Consensus is Strategically Insufficient: Reasoning-Trace Disagreement as a Knowledge-Representation Signal

Consensus is Strategically Insufficient: Reasoning-Trace Disagreement as a Knowledge-Representation Signal

共识在策略上是不充分的:推理轨迹分歧作为一种知识表示信号

Abstract: Multi-agent systems are commonly designed to reduce disagreement through voting, consensus protocols, debate, or fault-tolerant aggregation. We argue that this objective is insufficient for value-laden tasks, where disagreement may reflect genuine normative uncertainty rather than agent error.

摘要: 多智能体系统通常被设计为通过投票、共识协议、辩论或容错聚合来减少分歧。我们认为,对于涉及价值判断的任务,这一目标是不充分的,因为在这些任务中,分歧可能反映了真正的规范性不确定性,而非智能体本身的错误。

Building on prior work on reasoning-trace disagreement in human-AI collaborative moderation, we propose a knowledge-representation layer in which reasoning traces and agent decisions are abstracted into symbolic disagreement states.
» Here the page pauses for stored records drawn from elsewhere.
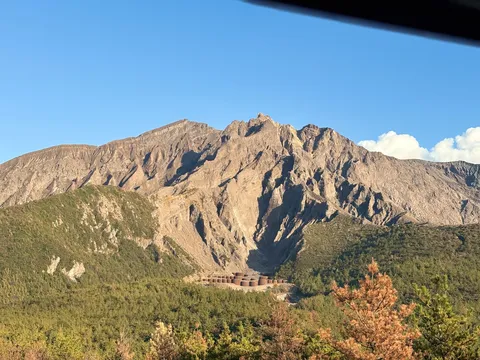 雄大な山の麓に佇む建造物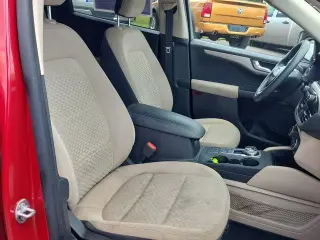 Ford Escape 2020 SE 4dr SUV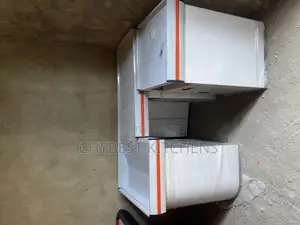 5ft Cashier Counter White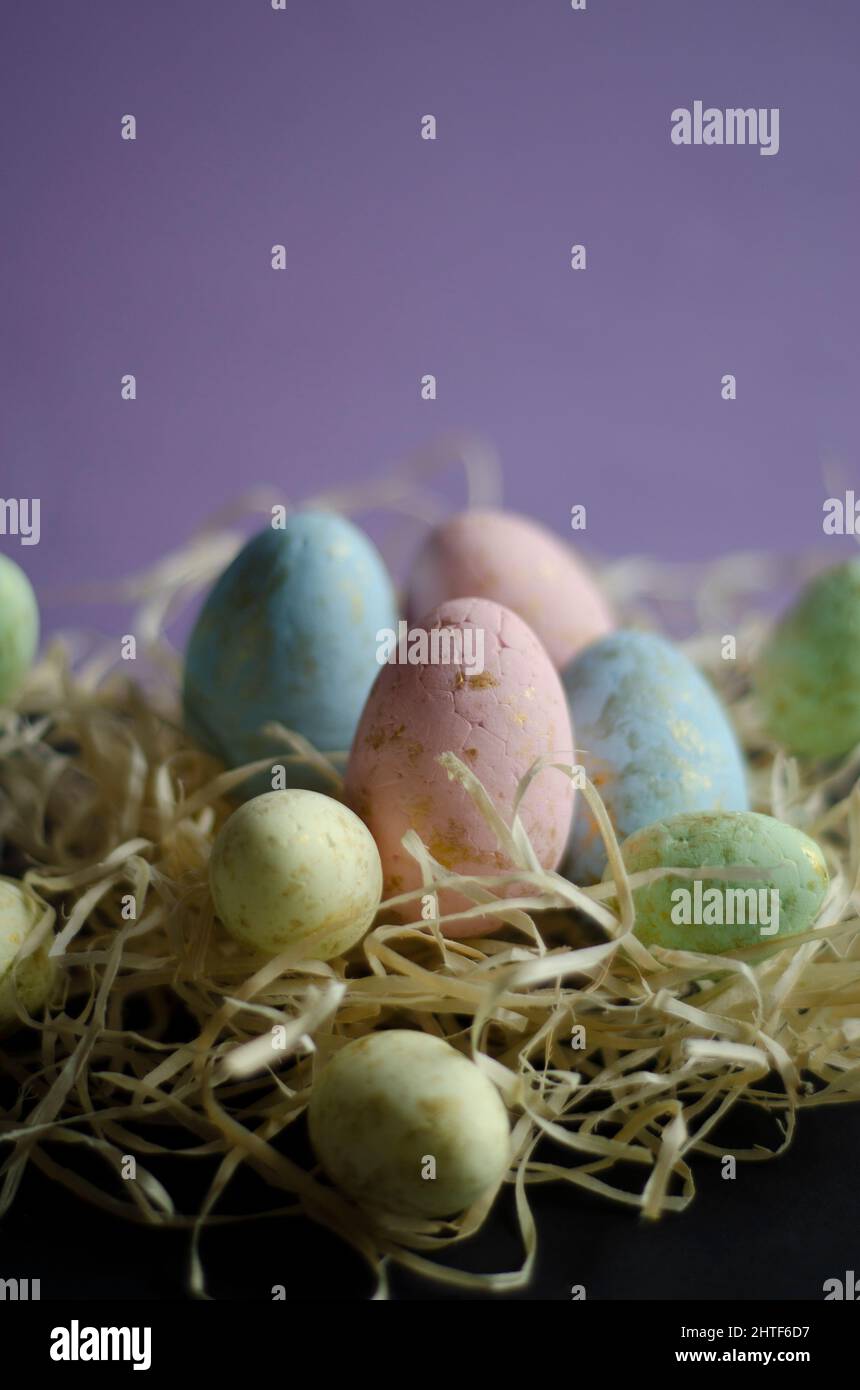 uova di pasqua in un nido sullo sfondo di veri peri Foto Stock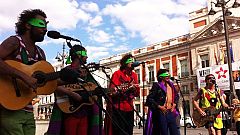 La Pandilla Voladora canta "Gitanos y morenos"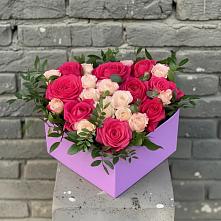 Цветочная композиция из Розы в коробке в Актаныш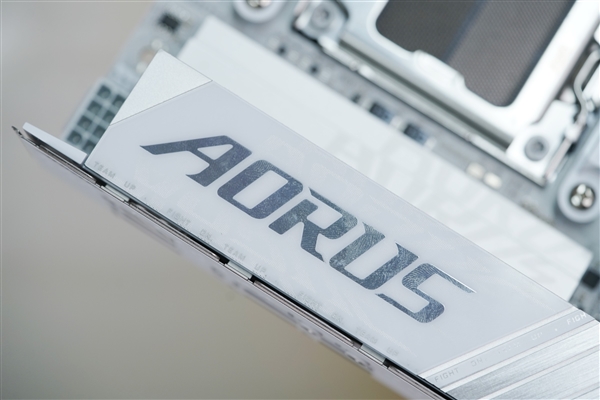 纯白迷你小板！技嘉冰雕X870I AORUS PRO ICE主板图赏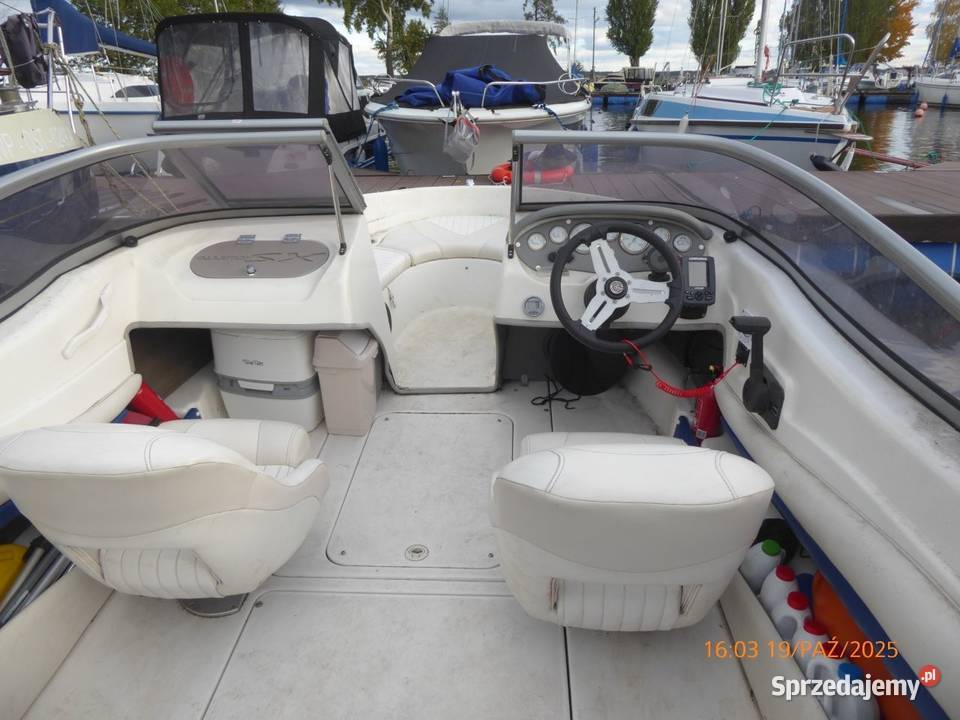 JACHT MOTOROWY GLASTRON VOLVO PENTA 190 43 L Zegrze Południowe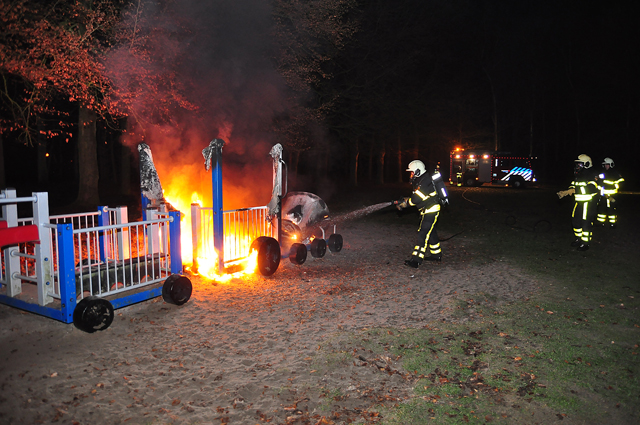 Speeltoestel gaat in vlammen op, waarschijnlijk in brand gestoken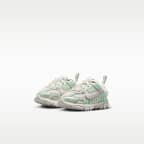 Tenis para bebé e infantil (agujetas clásicas) Nike Vomero 5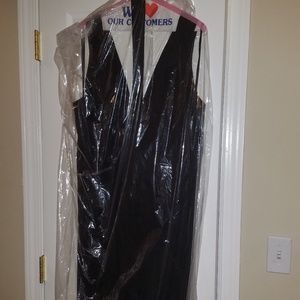 V-neck and Back Linen Jumpsuit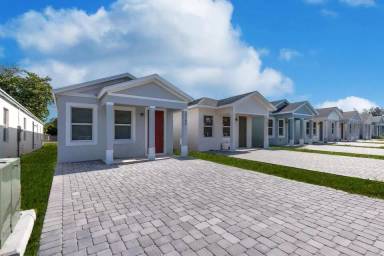 Main picture of 3715 Saginaw Avenue - 1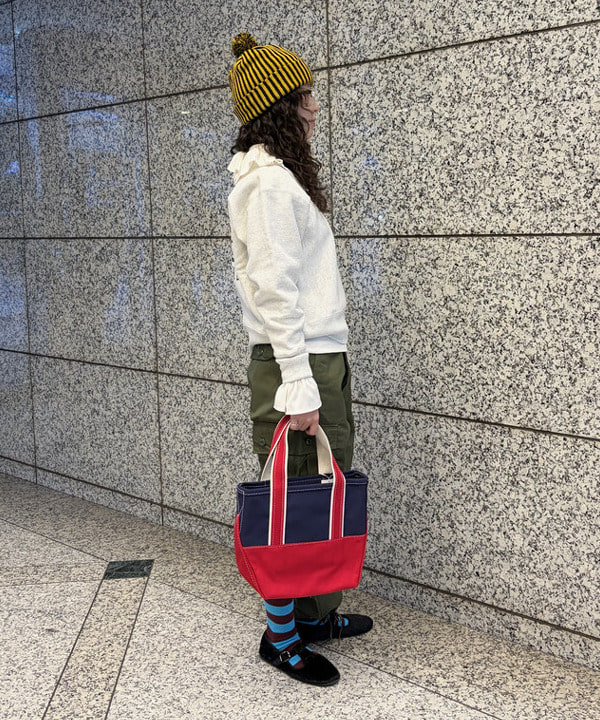 ばるたんさんの「BEAMS WOMEN｜【別注】BUZZ RICKSON'S / ポプリン アーミーパンツ」を使ったコーディネート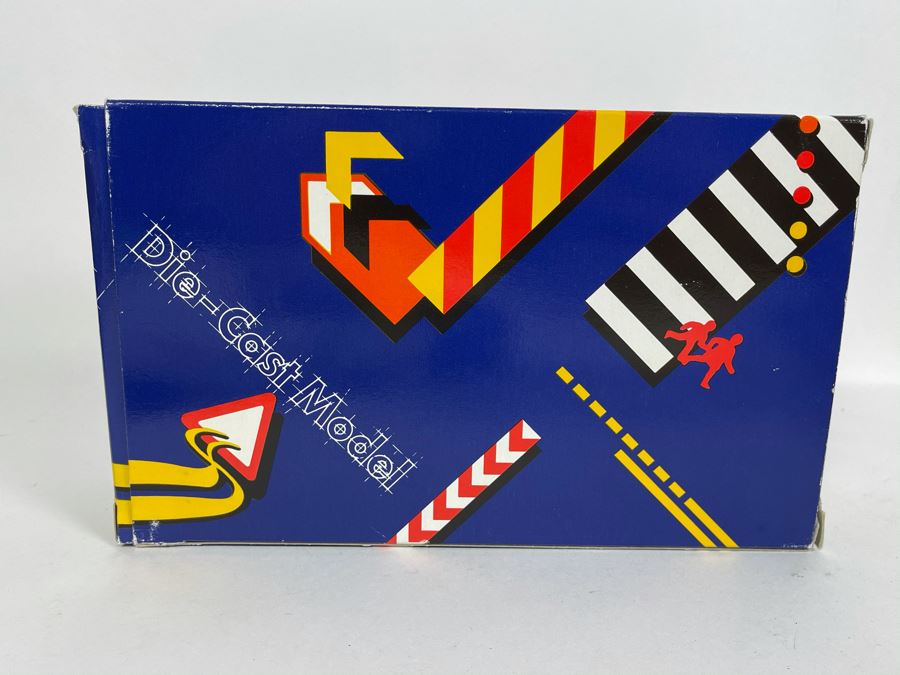 Just Added - Vintage New Old Stock Corgi Diecast London Bus And Taxi [Photo 4]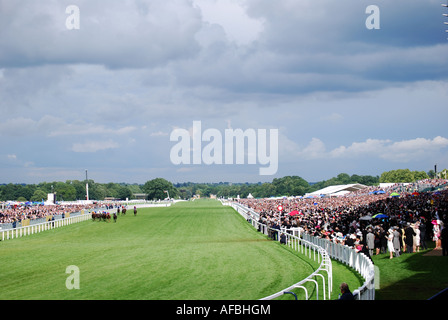 Zeigen Sie auf Kurs, Royal Ascot-Meeting, Ascot Racecourse in Ascot, Berkshire, England, Vereinigtes Königreich an Stockfoto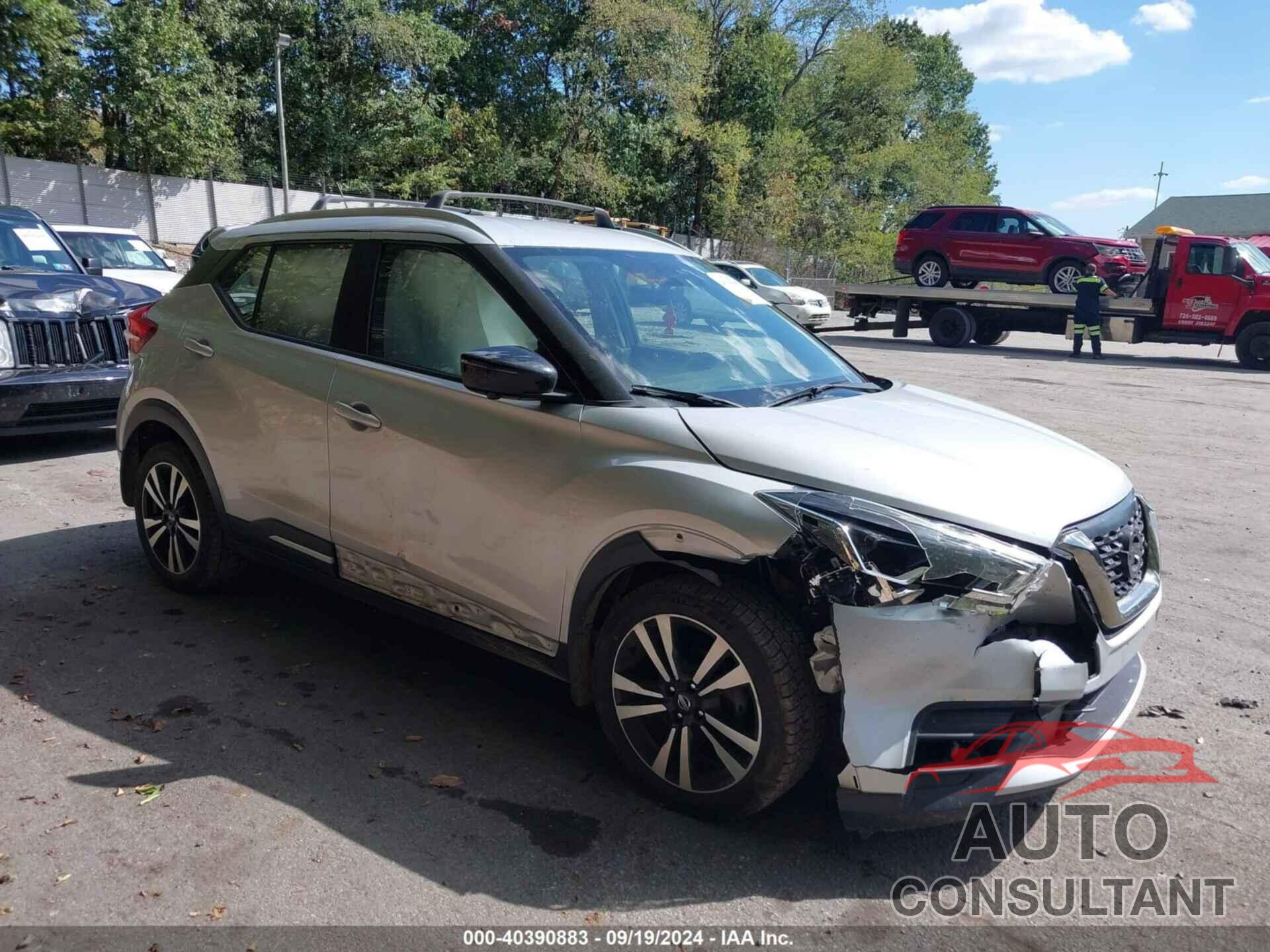 NISSAN KICKS 2018 - 3N1CP5CU4JL532413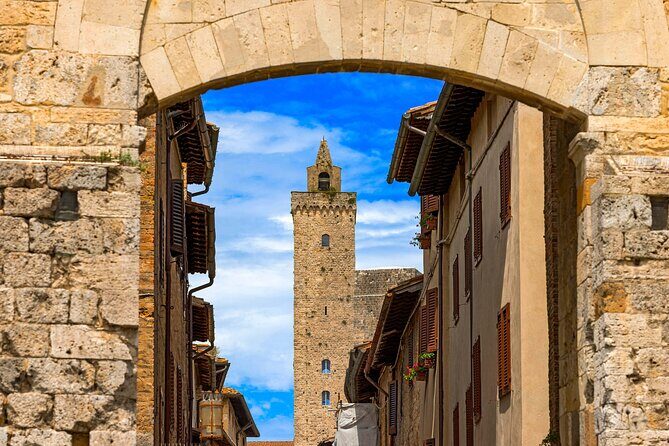 San Gimignano Walking Tour with Audioguide on Your Smartphone - A Deep Dive into the San Gimignano Walking Tour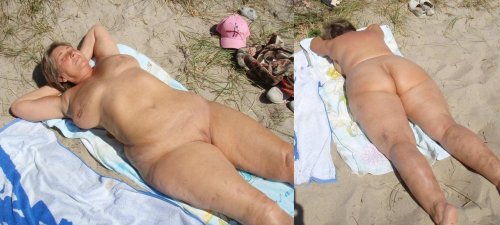 Burnts naked old women on the beach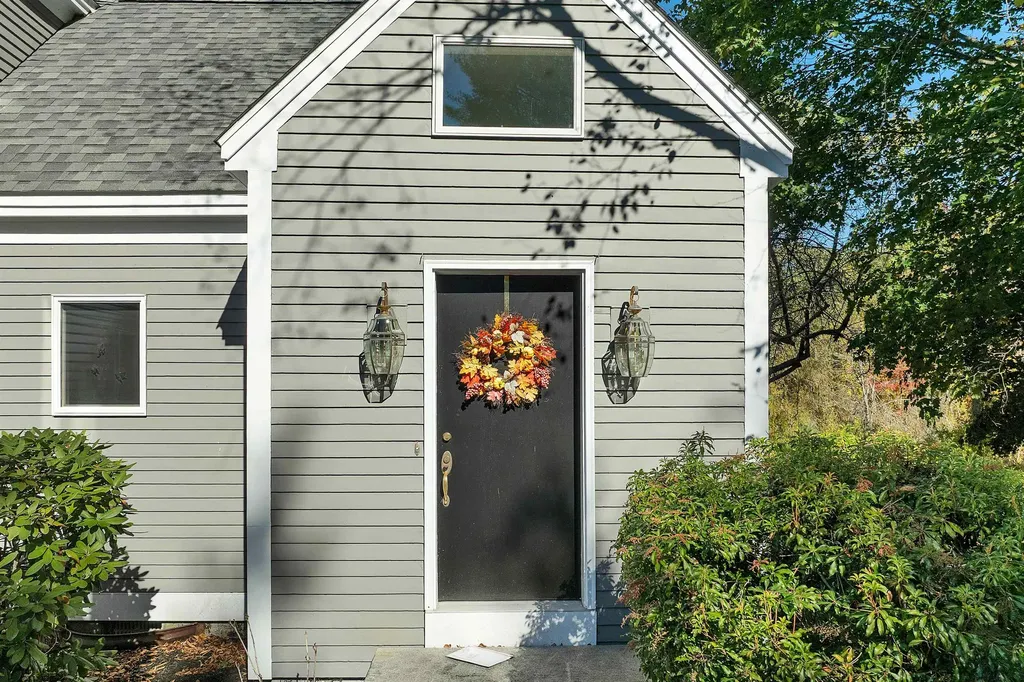 427 North Main Street Wolfeboro NH 03894-0427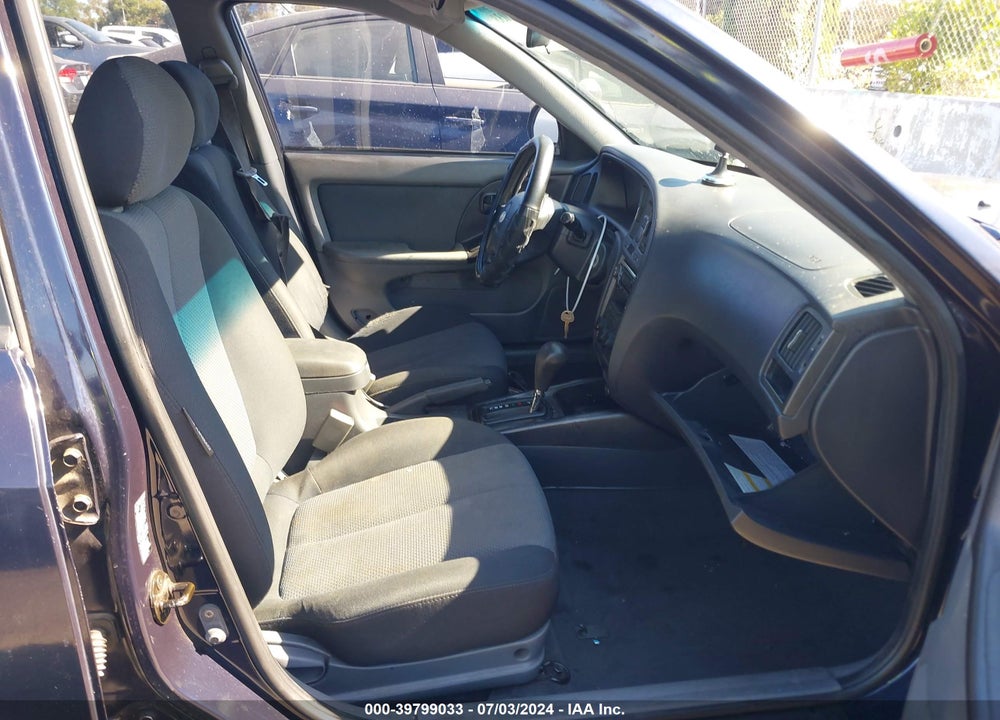 2005 HYUNDAI ELANTRA GLS/GT VIN: KMHDN56D15U166274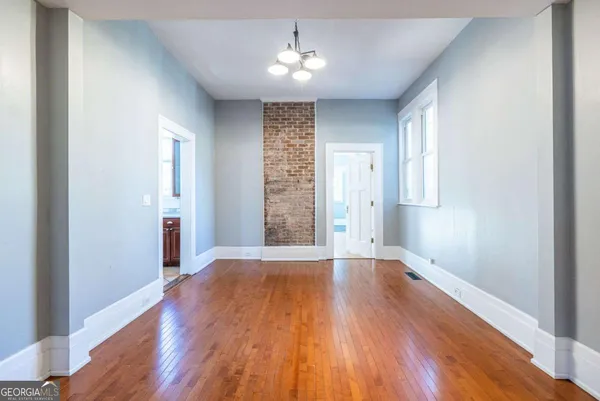 a view of entryway with washer and dryer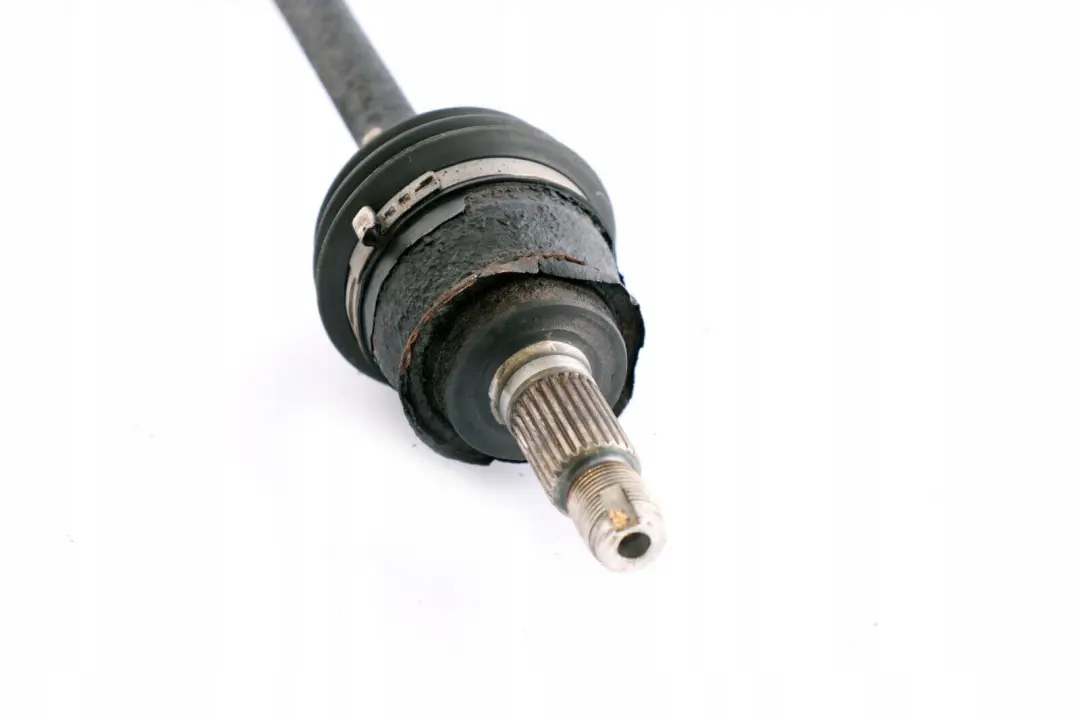 Albero di Uscita Frontale Dx Benzina Cambio Automatico per Mini Cooper R50 R52 con numero di parte 7574868 Mini Cooper R50 R52 Albero di Uscita Frontale Dx Benzina Cambio Automatico - SKU 7574868 - Numero di parte 7574868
基于先前关于人机协作审核中推理轨迹分歧的研究,我们提出了一个知识表示层,将推理轨迹和智能体决策抽象为符号化的分歧状态。

Given agents producing explicit reasoning traces and binary decisions, we distinguish four states according to reasoning similarity and conclusion agreement: convergent agreement, divergent agreement, convergent disagreement and divergent disagreement. These states support defeasible strategic routing rules.

鉴于智能体能够生成明确的推理轨迹和二元决策,我们根据推理的相似性和结论的一致性区分了四种状态:收敛一致、发散一致、收敛分歧和发散分歧。这些状态支持可撤销的策略路由规则。

We instantiate the framework in content moderation and argue that disagreement-aware routing provides a bridge between sub-symbolic LLM deliberation and symbolic knowledge representation for multi-agent strategic reasoning.

我们将该框架应用于内容审核,并论证了“分歧感知路由”(disagreement-aware routing)为多智能体策略推理中,亚符号大语言模型(LLM)的审议与符号化知识表示之间架起了一座桥梁。